[DATA EXTRACTS]
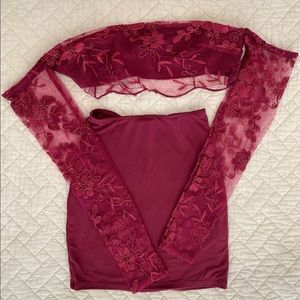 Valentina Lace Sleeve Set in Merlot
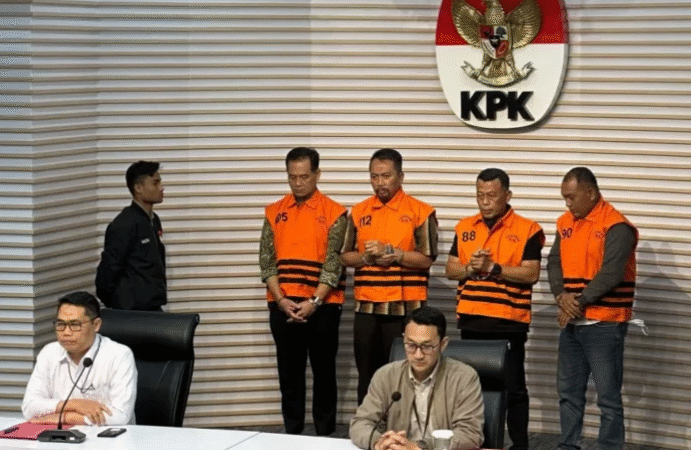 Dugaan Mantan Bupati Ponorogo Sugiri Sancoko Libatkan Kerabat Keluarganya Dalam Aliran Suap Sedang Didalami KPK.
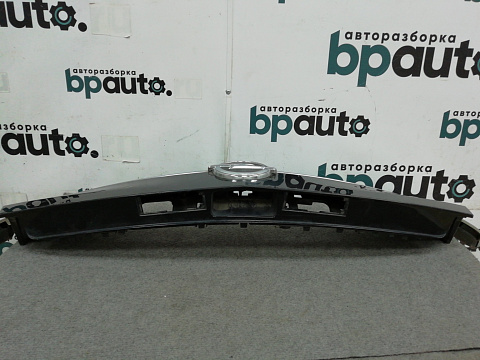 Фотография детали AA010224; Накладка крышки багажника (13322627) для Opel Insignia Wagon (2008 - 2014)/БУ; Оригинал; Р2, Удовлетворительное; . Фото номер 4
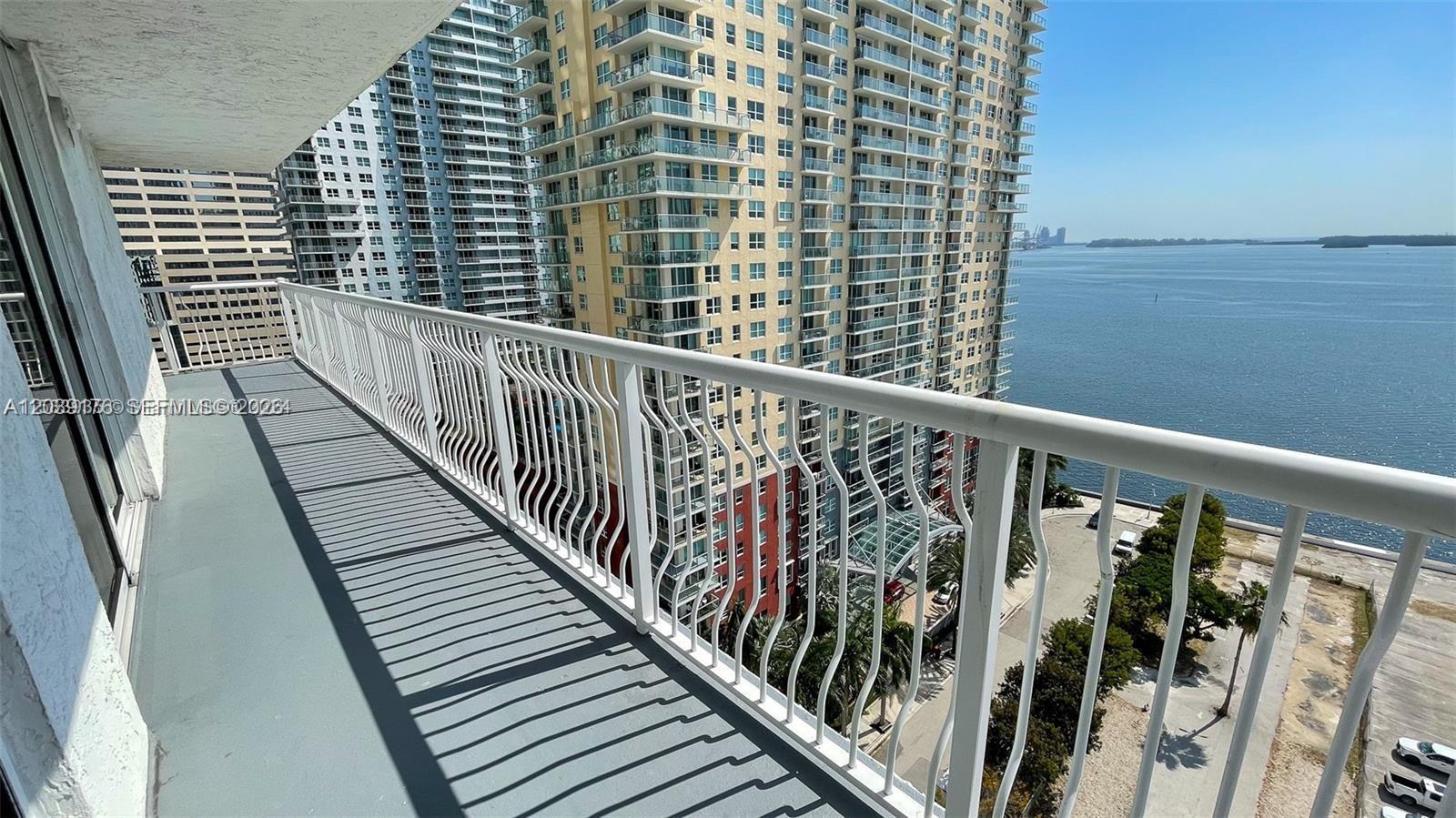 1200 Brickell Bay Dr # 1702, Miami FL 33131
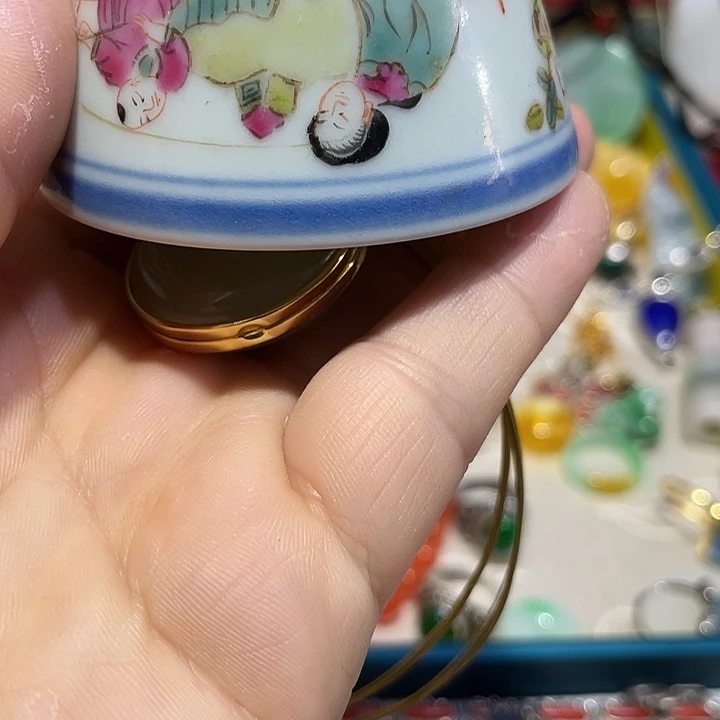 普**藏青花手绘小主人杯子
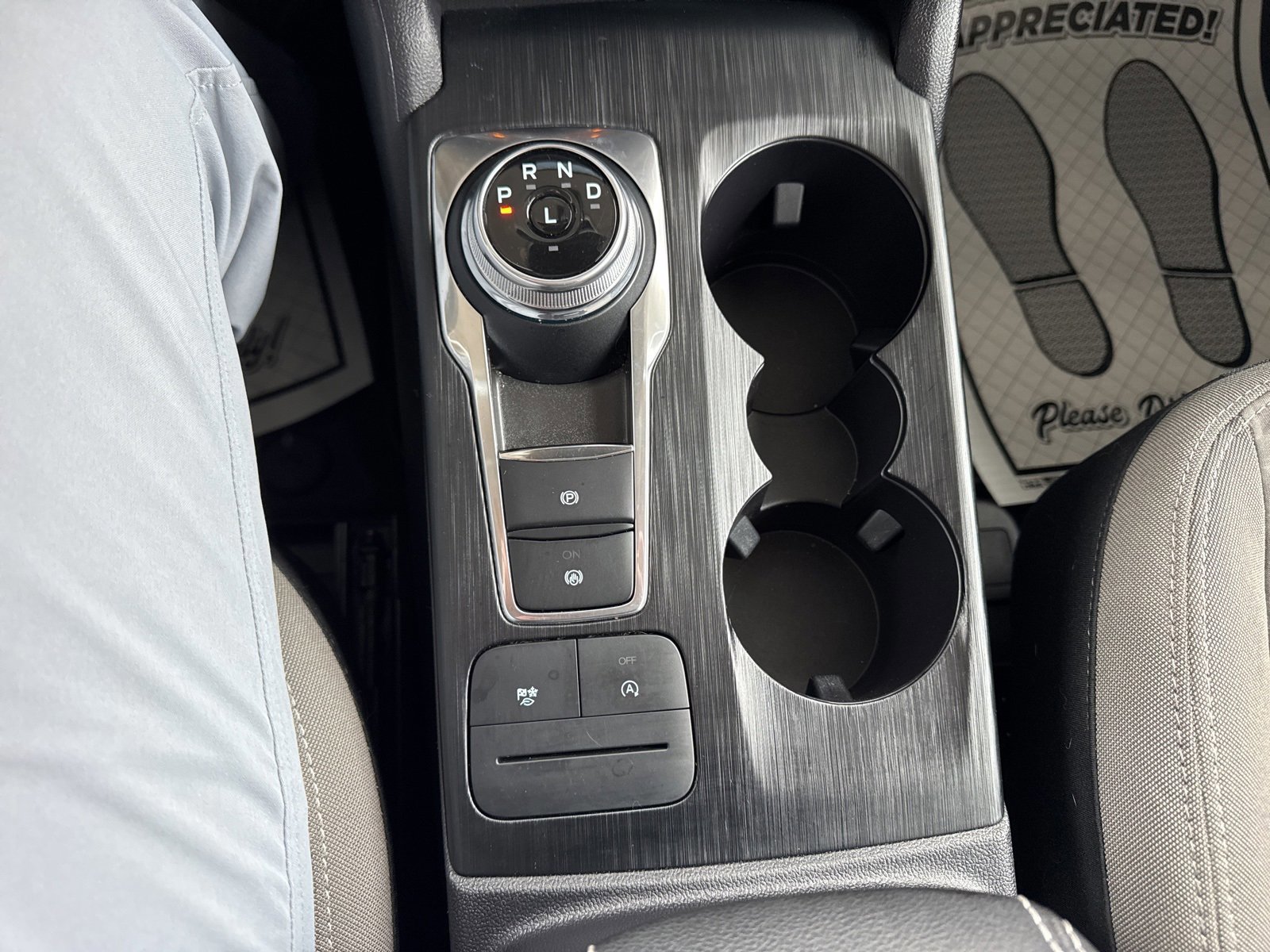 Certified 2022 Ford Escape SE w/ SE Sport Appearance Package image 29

--

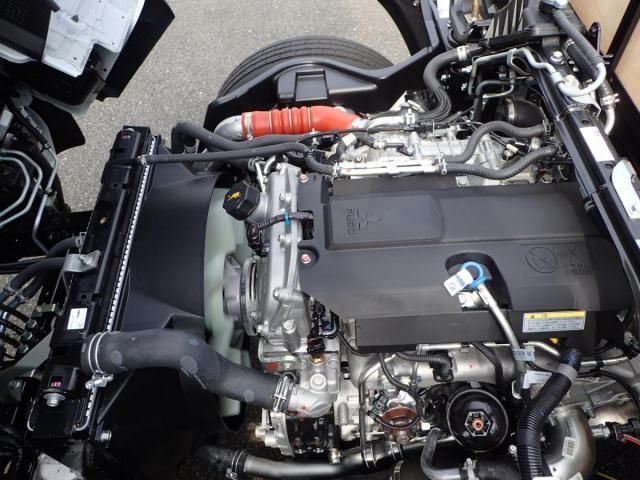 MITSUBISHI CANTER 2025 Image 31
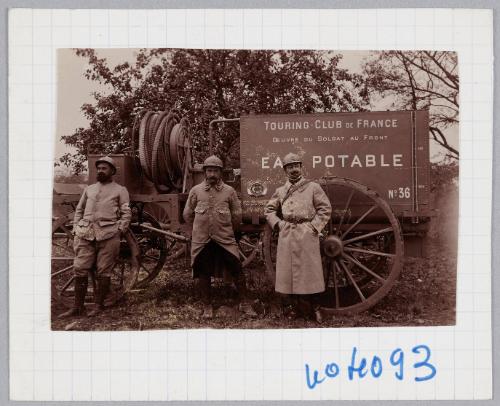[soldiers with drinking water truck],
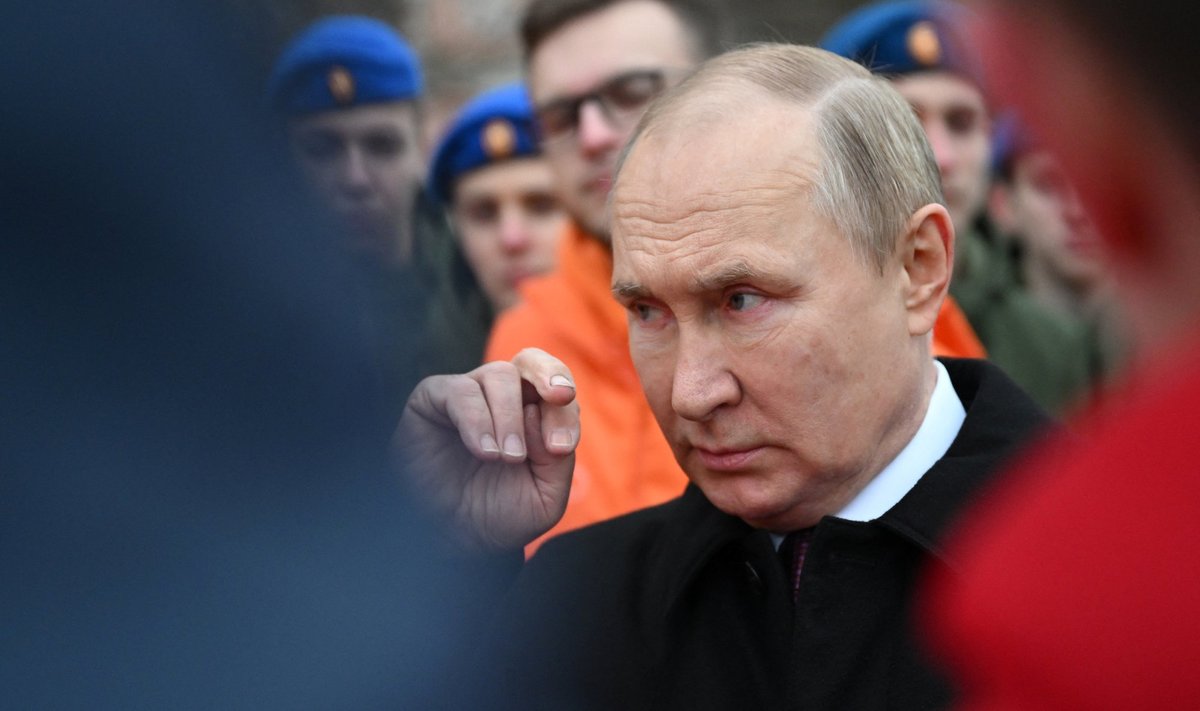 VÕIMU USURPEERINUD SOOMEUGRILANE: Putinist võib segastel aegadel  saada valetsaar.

[TO DO] Pictures in the entries do not go into the copy. Print only the lines starting at the one containing "Valentina Lace Sleeve Set in Merlot" and ending at the one containing "Certified 2022 Ford", exactly as they appear.

[ANSWER]
 Valentina Lace Sleeve Set in Merlot
 Dugaan Mantan Bupati Ponorogo Sugiri Sancoko Libatkan Kerabat Keluarganya Dalam Aliran Suap Sedang Didalami KPK.
 Фотография детали AA010224; Накладка крышки багажника (13322627) для Opel Insignia Wagon (2008 - 2014)/БУ; Оригинал; Р2, Удовлетворительное; . Фото номер 4
 1200 Brickell Bay Dr # 1702, Miami FL 33131
 普**藏青花手绘小主人杯子
 Certified 2022 Ford Escape SE w/ SE Sport Appearance Package image 29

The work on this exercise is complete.